LeBlanc first announced his five strategic initiatives in April, focusing on the student experience, research, alumni engagement, medical enterprise and institutional culture. In his first year in office, LeBlanc has overseen major updates to each of these areas – including restructuring the student affairs division, changing the reporting structure of the Office of the Vice President for Research to answer to the provost and embarking on multi-city alumni event tours.
Carbonell said the trustees revisit the budget in February to finalize priorities and budget for financial aid. This year’s budget includes a $315 million financial aid pool – an $18 million increase from last fiscal year.
Carbonell added that while the Board decides where funds will be allocated, the budget is a broad guideline for how the Univeristy should spend its money and doesn’t dictate line items within each priority.
“We really take all of that and put a project together that reflects those priorities and an understanding of what’s going to happen in terms of revenues and what we need to do in terms of financial aid, and that really constructs the budget,” he said.
Higher education experts said budgets reflect the priorities of the institutions, which can change from year to year, especially following major leadership changes.
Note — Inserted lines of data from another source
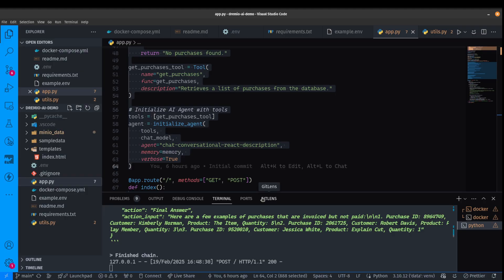Hopefully you guys enjoyed this demo. If you haven't tried Dremio, I'll link to a do-it-yourself AI agent demo right in the video description. All you need to do is bring your own OpenAI key. Also feel free to reach out to Dremio and try Dremio for free.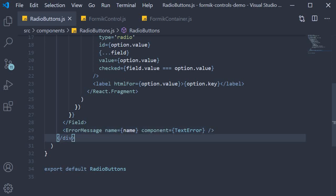I want you to understand this really well because the next video, which is on checkboxes, works in a similar way and I'm not going to dive deep into explaining how that component works as well. So if you have to, give this video another watch and make sure you understand thoroughly what the radio buttons component is doing. That is how you create a reusable radio buttons Formik control with Formik in React. Thank you guys for watching. Don't forget to subscribe. I'll see you guys in the next one.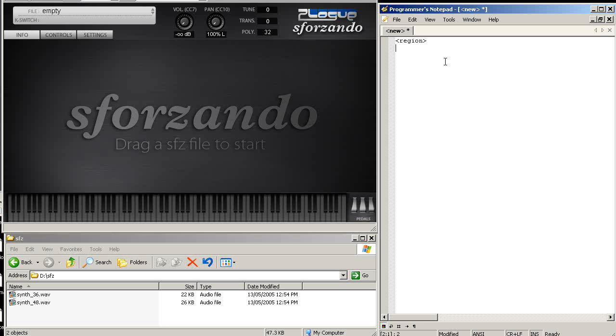SFZ requires region definitions to be filled in. There are countless opcodes that define how sample mapping works. But for now, I'm just going to do the bare essentials.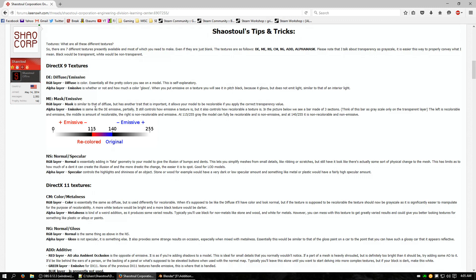As a quick example, coming down to the DE, which is Diffuse Emissive — the RGB layer is the Diffuse, which is color. It's all the pretty colors you'll see on the model; it's what you see in-game and all that. The alpha layer is Emissive, and this isn't like a light. It's more like the texture is glowing but not actually emitting any light. The render engine makes it look like it is, but you don't have to worry about it casting shadows.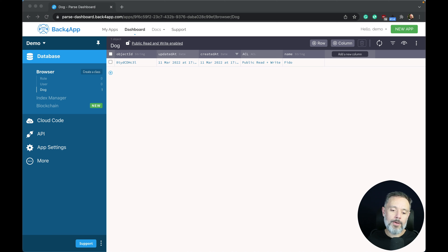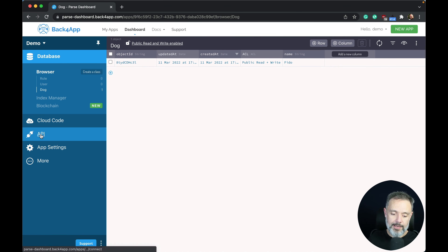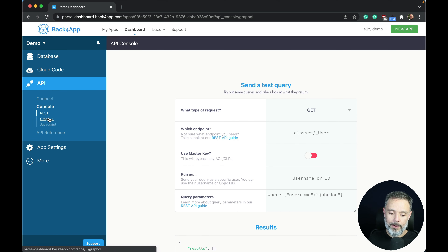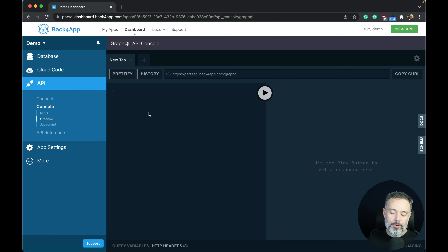One of the easiest and most straightforward ways to do that is querying the health of the app through GraphQL. Here I am in my dashboard — if I come to the API section, Console, GraphQL, here I can write queries and mutations.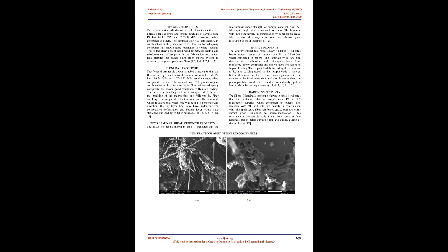Results and Discussion: The specimens were subjected to various mechanical loadings and the obtained results are shown in Table 2, indicating the mechanical properties of hybrid composites.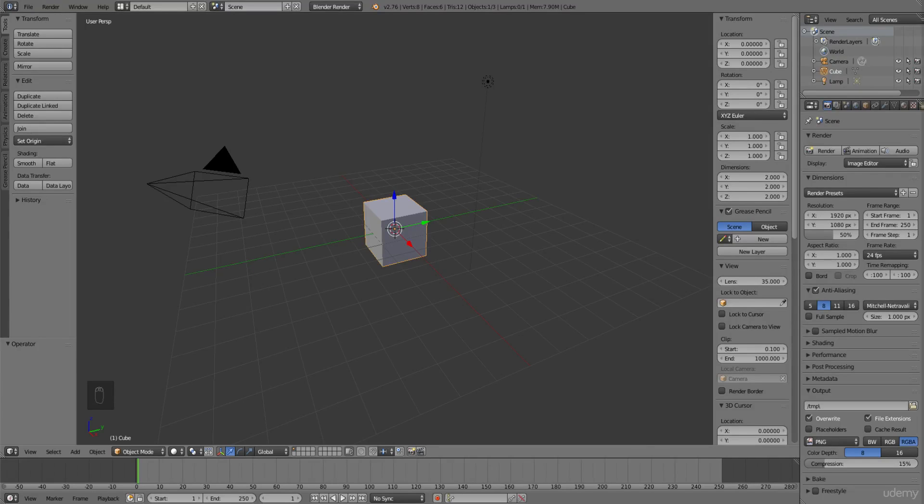Welcome, in this video we'll be going over the rotate tool. Rotating is just as it sounds. It allows you to rotate your object.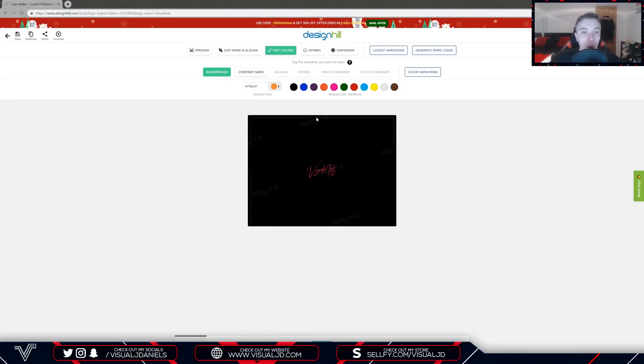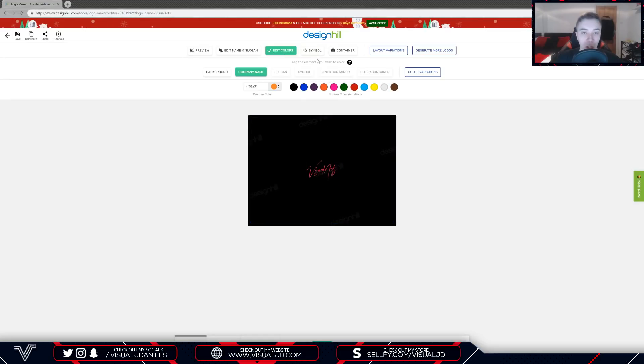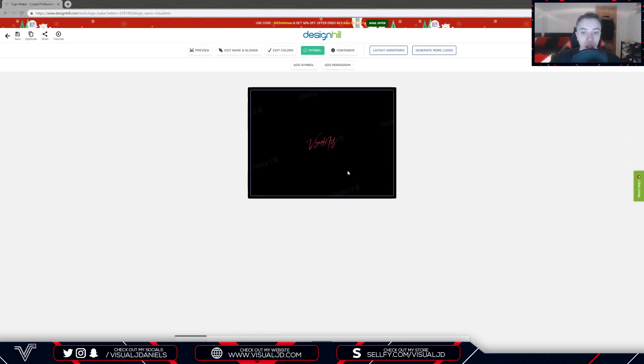As well as this you can also edit the colors of your logo. As I said before, I'm a big fan of the logo color so I'm actually going to stick with it how it is. You can also add a symbol if you wish.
LeBlanc, who started his tenure last summer, has spent his first year highlighting staff and student morale and research projects, whereas his predecessors have focused more on improving GW’s academic stature and bolstering philanthropy efforts.
Gabriel Serna, an assistant professor of higher education at Virginia Polytechnic Institute and State University, said the decrease in the capital budget could come from a common practice called deferred maintenance, in which universities only embark on maintenance project they can most easily afford – which usually includes classroom upgrades. He said the practice allows universities to maximize their funds to directly impact educational endeavors.
Serna said funneling parts of the budget into the University’s cash reserves better prepares GW for financial emergencies and can make the University appear financially sound to outsiders.
“It’s a good way to still leverage what you’re doing, but having both of these, it looks attractive to credit agencies, and you’re having a surplus,” he said.
He added that investing the capital budget in sustainable buildings is becoming more common at universities not only because of environmental perks but because sustainable energy makes facilities cheaper to run.
“Sustainability has become kind of a buzzword in higher education and particularly to do with the strategic planning process, and I think it’s a good thing, but it shouldn’t divert from the main idea of what is the goal of the institution, what is the goal of higher education in general – and that is to educate students,” he said.
Annie Dobler and Allison Kwon contributed reporting.